The U.S. and Canadian governments should reinstate a vaccine exemption for cross-border truckers to ease supply chain snarls, Alberta Premier Jason Kenney said as a protest convoy arrived in the Canadian capital.

Kenney, speaking Friday in Washington ahead of a meeting of U.S. governors, said he believes cross-border truckers are a low risk to spread COVID-19. The rules, imposed this month by both nations, will further fuel inflation and constrain shipping, he warned.

Alberta is “calling on the two federal governments to simply exercise a bit of common sense,” Kenney said in an interview with Bloomberg Television and BNN Bloomberg. 

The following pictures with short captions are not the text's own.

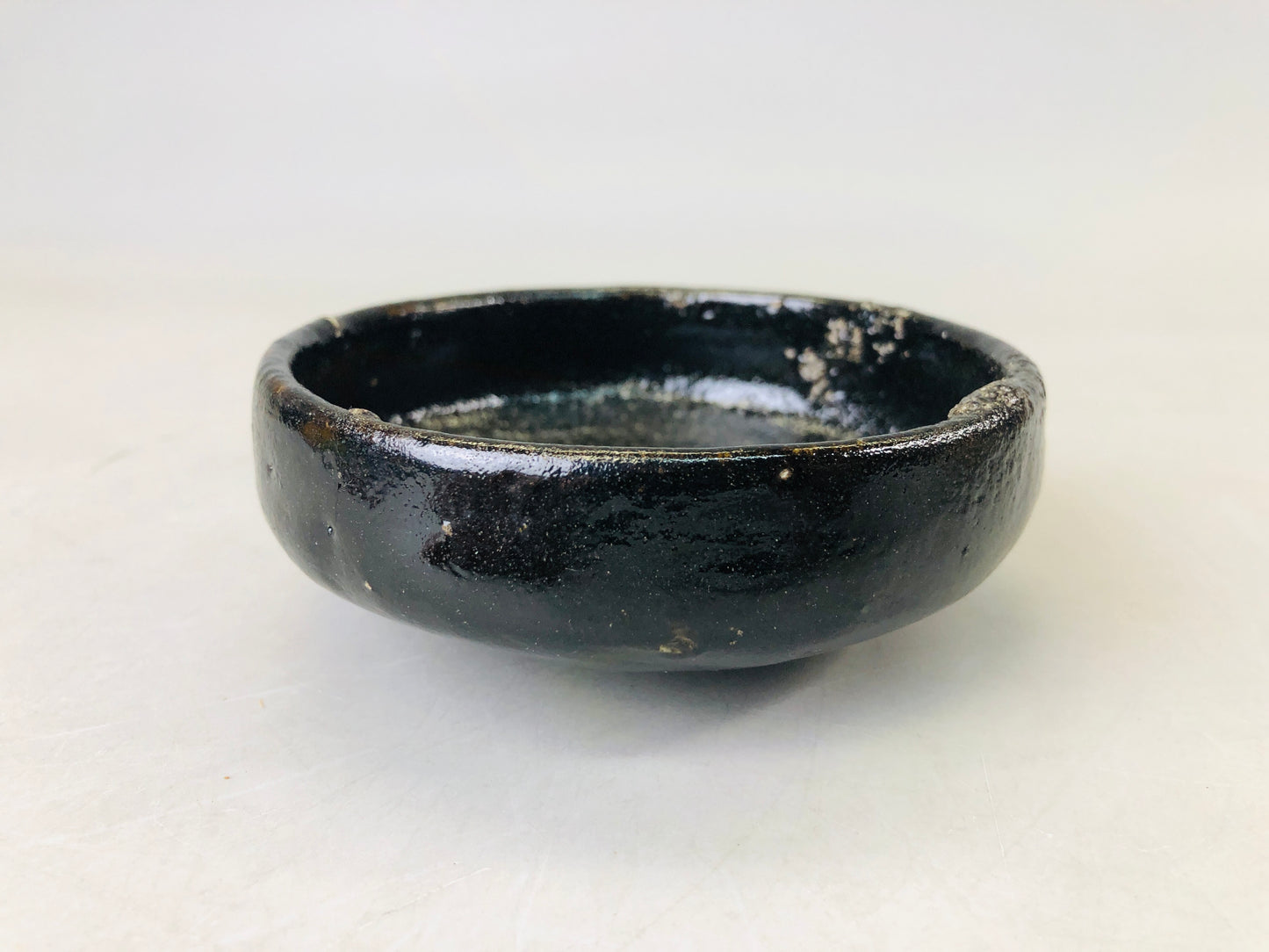 Y6571 [VIDEO]CHAWAN Raku-ware black flat signed Badarai bowl Japan antique tea ceremony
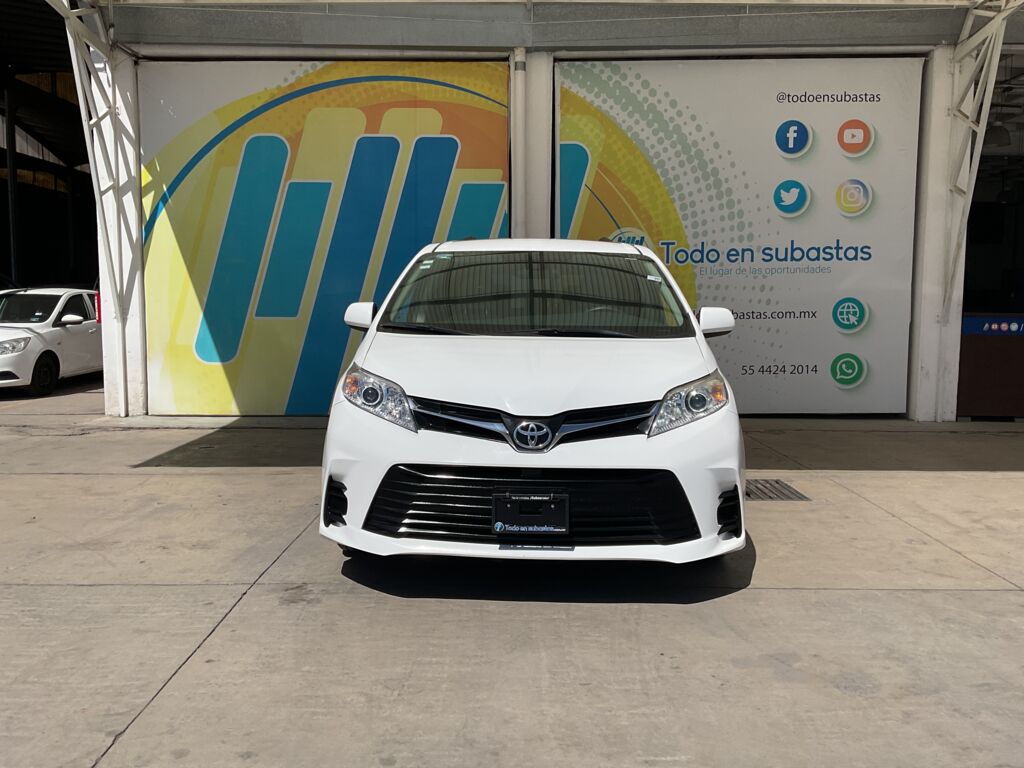 Toyota Sienna 2018 5p LE V6/3.5 Aut     2018 Toyota Sienna Venta Exteriores 2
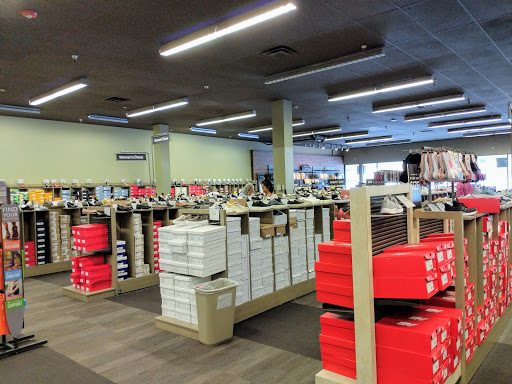 Shoe Store «DSW Designer Shoe Warehouse», reviews and photos, 17158 Redmond Way, Redmond, WA 98052, USA
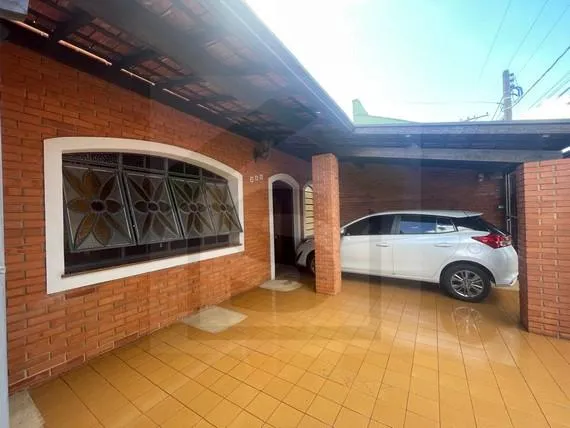 Imagem casa a venda em Botucatu na Vila Maria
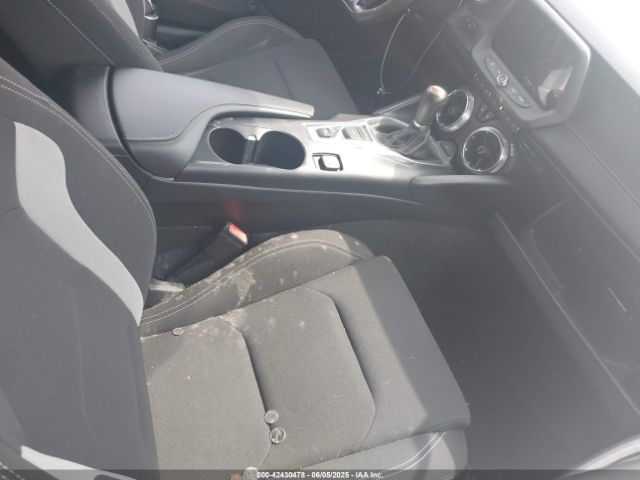 2016 CHEVROLET CAMARO 1G1FE1R77G0187063 Photo 4
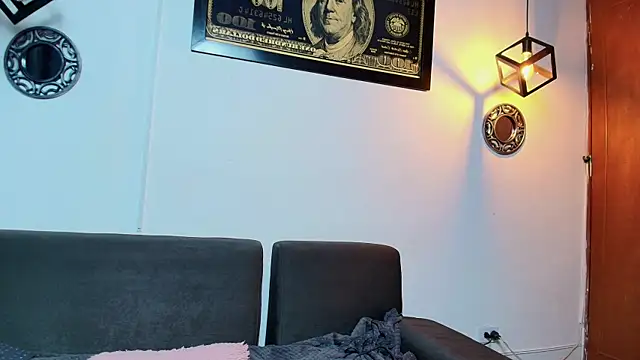 Snapshot of naomi_campbel_ chatting on October 19, 2025, 1:58 pm naomi campbel online show from October 19, 2025, 1:58 pm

“This policy I don’t think makes any compelling public-health sense, but it will worsen what we know is a growing supply chain issue,” he said.

Kenney’s comments come as a protest convoy descends on Ottawa, with truckers and like-minded activists objecting to lock-down requirements, vaccine mandates and other COVID measures. They’re also calling for Canadian Prime Minister Justin Trudeau, a longtime political foe of Kenney’s, to be removed from office. 

Kenney spoke as crude prices continued to soar. Alberta is Canada’s main oil-producing province and the benchmark Western Canadian Select price hit US$75 on Friday, its highest since 2014. Kenney hinted that could yield a balanced budget for his province shortly.

“Certainly, our fiscal situation is improving dramatically,” the premier said. “We’ve been restraining spending pretty significantly. That plus the big bump-up in commodity prices is putting us in the range of a potential balanced budget in the next couple of years.”
 

PIPELINE DISPUTE

Kenney called on President Joe Biden to express support for Enbridge Inc.’s Line 5 expansion project, which would boost the ability of Canadian oil producers to ship into the U.S. but is opposed by Michigan’s state government. 

“The U.S. government should stop its neutrality on Line 5 and come down on the side of U.S. energy security,” Kenney said. “We’d like to say to the Biden administration: while you’re begging OPEC to increase production and shipments, why aren’t you talking to the governor of Michigan about stopping the efforts to interrupt that pipeline?”

In the short term, “Canada will be able to ship and maintain record levels of production and exports” of crude, Kenney said. 

Alberta has seen its peak of omicron cases but is only now at what it thinks is its peak of hospitalizations, according to the premier. If trend lines improve, the province will ease COVID restrictions toward the end of March, Kenney said.